Friday, 10 October 2014

October





October is here...

There is a silence in me.
Not because it's so awesome or mind blowing. It isn't. It rains a lot and the world feels colder even though the actual difference is just 3 degrees Celsius.

It was so nice being out and about, playing in different setting, places, times of the day. It really is wonderful to be able to sit, play... ...as all passes by, people come, people go. I love the feeling of sitting in the periphery of their being here, now.

Yet, I wake up after the Seven Heads feeling insanely conscious of my bubble. All were so friendly but it is obvious that it isn't clear at all what it is that I am doing to those who I meet. To make it even more oblique is my inability to convey what it is that I do, want, try to achieve.

When I talk about the walking, the freedom, the need to share, the transience of it all and the ultimate aim (to finish that loop from here to Jerusalem, Rome, Santiago and then back) all nod and confirm it makes sense but it feels awkward and I start rubbing my neck a lot, feel the need to over explain.

So Monday I'm in doubt, by Tuesday I want to give up, too busy to think about anything Wednesday, Thursday I'm feeling scared and today... ...today I'm thinking that nothing has changed apart from the weather and I just have to learn. Learn to communicate, learn to be clear. Learn to say what I want. Be specific. I'm expecting a lot. Why would anyone know about what I want or do?

I will sit down.
I will think about.
I will write it all up and then start again.

It was wonderful, out in the wind, on the road, climbing, falling... ...carrying... ...walking... the sway of my pack, ticking of the frame. I meet a man on the road with two dogs. He looks but doesn't dare to ask. How many times have I written that down? I meet him again in the Liveboat Inn, not as shy now he asks about the harp and we chat for a while. 'Didn't I see you on the road earlier? Some pack you've got on there...'.

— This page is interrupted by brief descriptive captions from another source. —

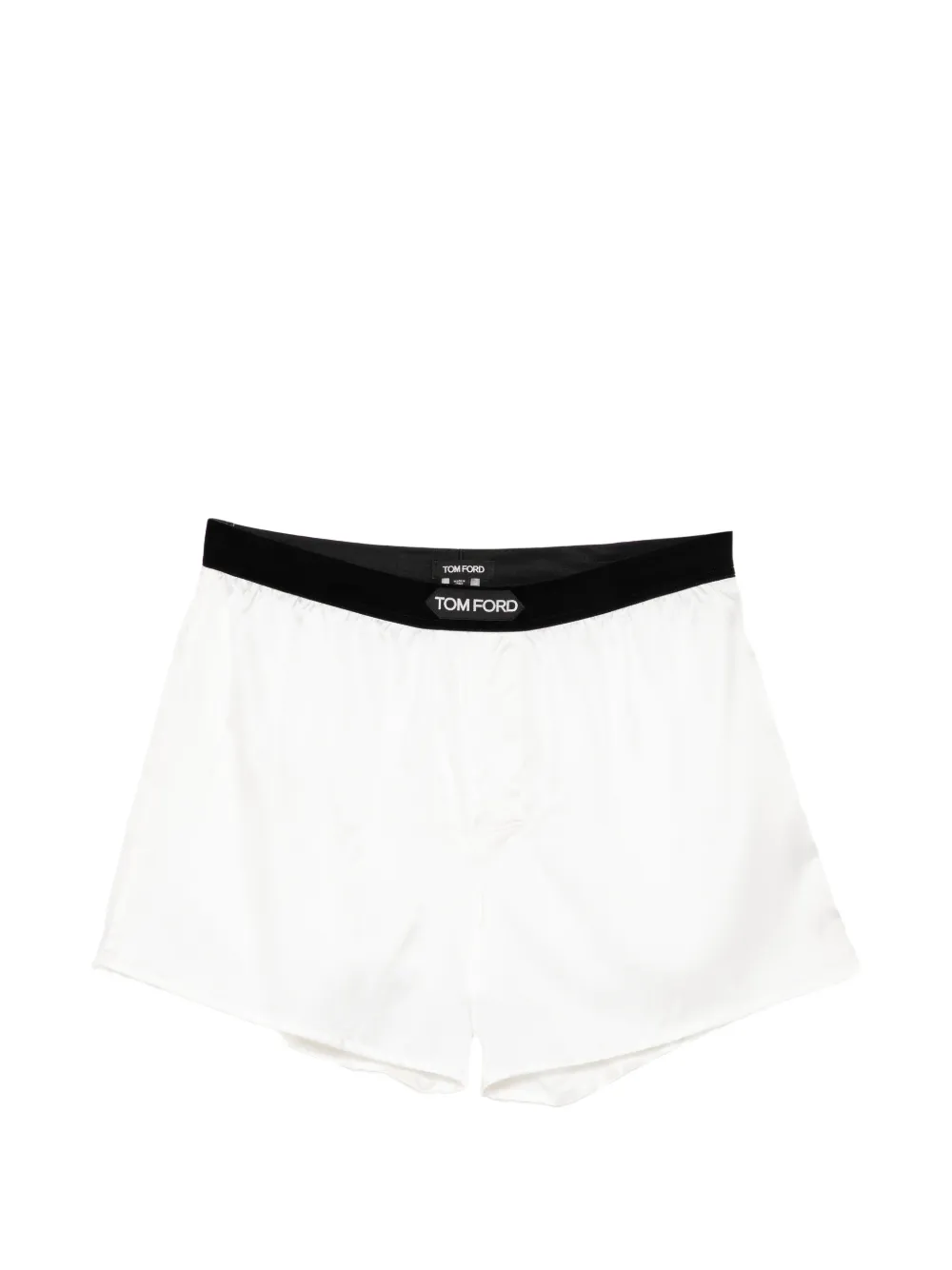 TOM FORD logo-patched boxer - Toni neutri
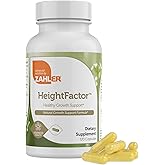 Zahler - Height Factor Healthy Growth Support Vitamin & Mineral Capsules (120 Count) - Kosher Height & Growth Supplement for Kids, Teens & Young Adults - Grow Taller Growth Hormone Support Nutrients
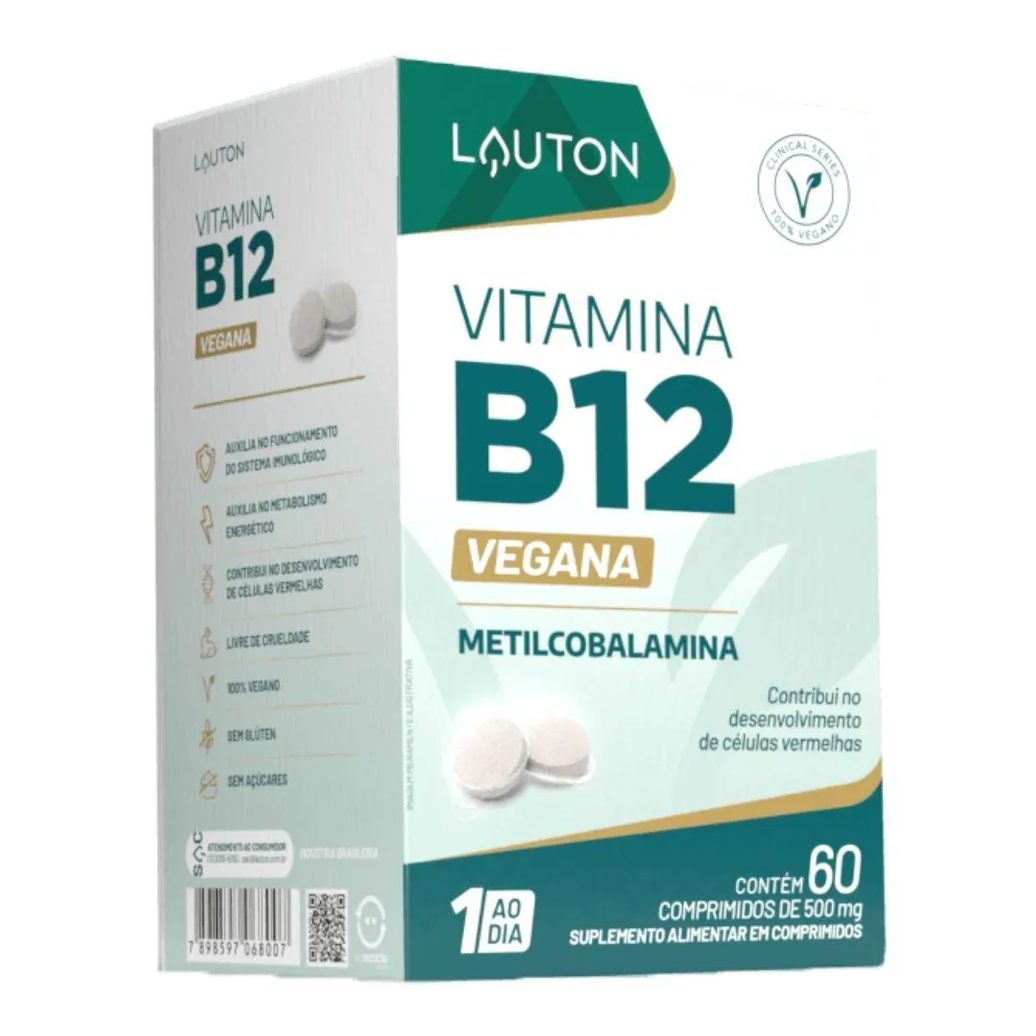 Vitamina B12 (metilcobalamina) Vegana 60 comprimidos - Luton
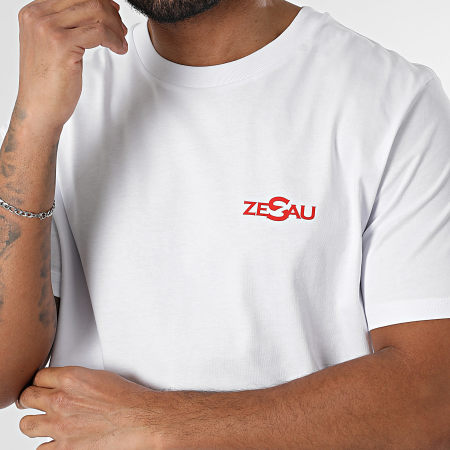 Zesau - Guetto Cardiac Oversize Tee Blanco Rojo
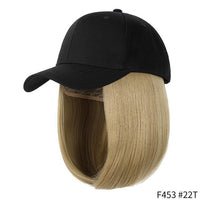 Short Wavy Synthetic Hair Baseball Cap Adjustable Jack's Clearance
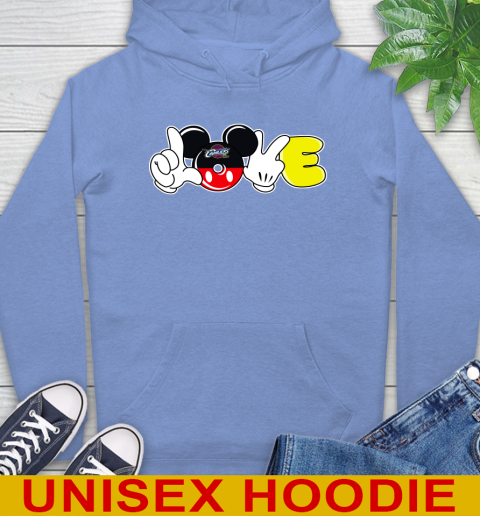 Cleveland Cavaliers NBA Basketball Love Mickey Disney Sports Hoodie - Image 12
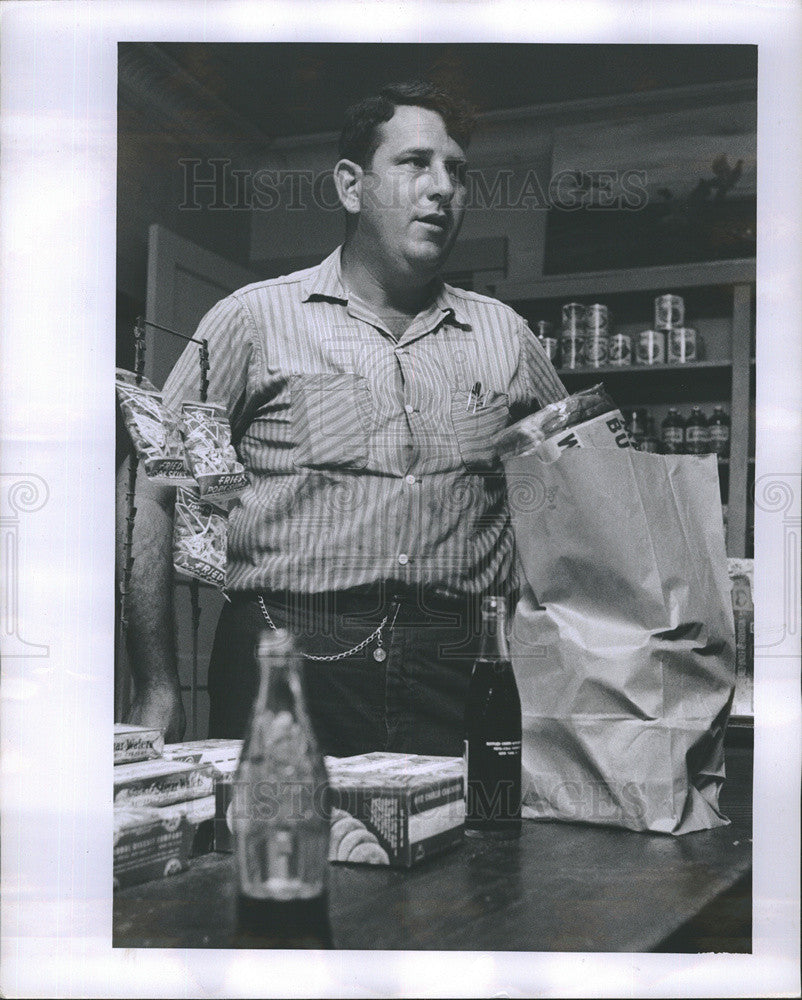 1958 Press Photo Jack Craggs Miner - Historic Images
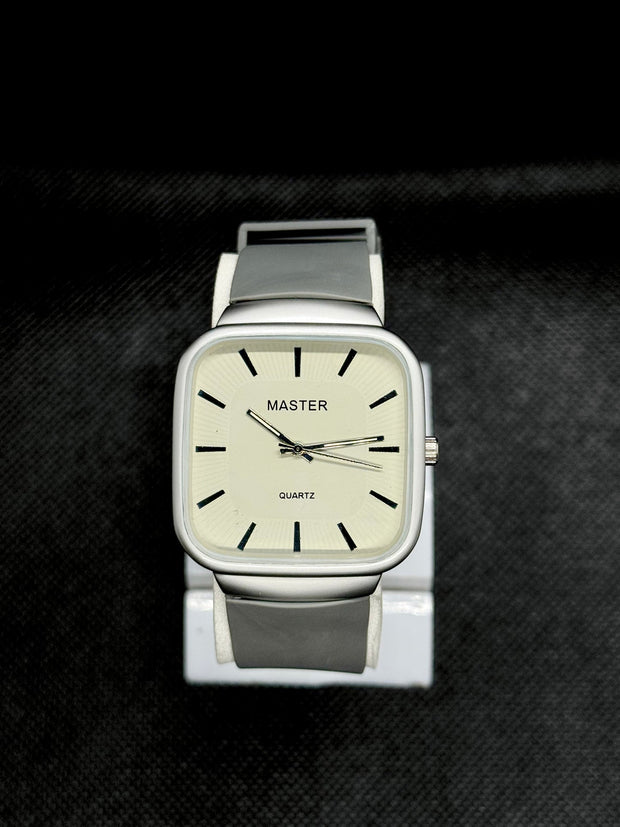 Mast. Grey Belt Grey Dial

September brought me the energy to change.
October is asking for the stamina to continue on.

All it needs is more practice and practice I will.

It isn't as hard as it sounds. Do, just do.

I pace and moan. Make coffee, sit, walk, move, stand still. I write, delete, write again. It looks like yes, some of it is set up but it can do with a whole lot more. It can be better organized and asking for money is an incentive for venues to pay attention. And what about the multimedia? It can do with better linking. Have I really followed everything up? Do send out more mails, find more venues...talk to more people... ...

October is here.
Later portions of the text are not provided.